• [Task instructions]
Go to the line with "Canon EOS 90D + 18-135mm f/3.5-5.6 IS USM" in the material below and copy from there through the line with "21 Burlington Rd, Billerica, MA 01821", exactly. Pictures are not copied.

• [Provided material]
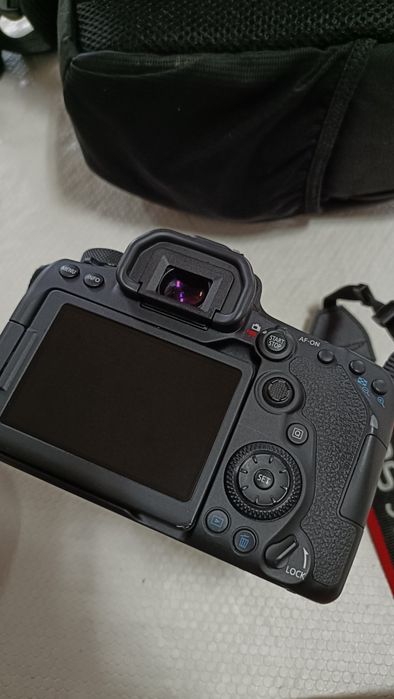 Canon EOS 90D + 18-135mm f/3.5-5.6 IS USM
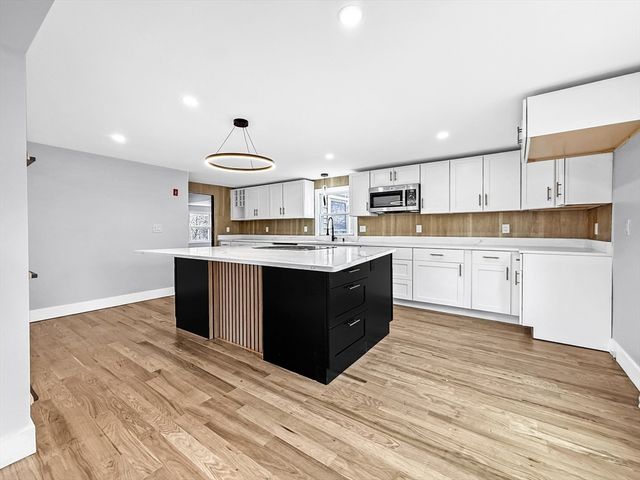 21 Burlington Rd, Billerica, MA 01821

* * *

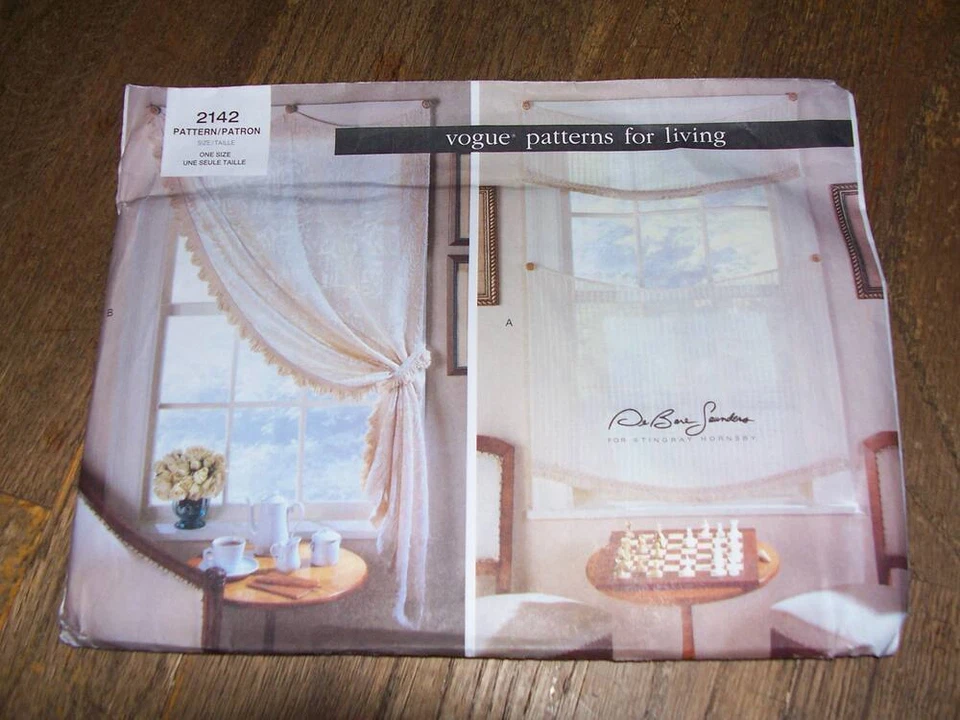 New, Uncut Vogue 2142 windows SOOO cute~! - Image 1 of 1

* * *

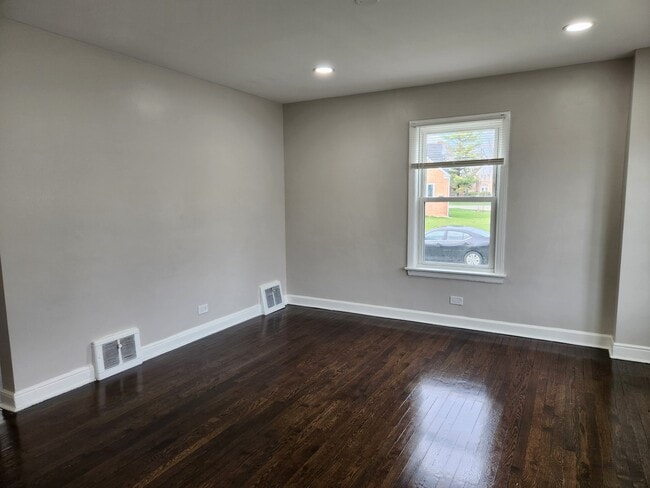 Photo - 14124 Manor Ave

• [Exercise result]
 Canon EOS 90D + 18-135mm f/3.5-5.6 IS USM
 21 Burlington Rd, Billerica, MA 01821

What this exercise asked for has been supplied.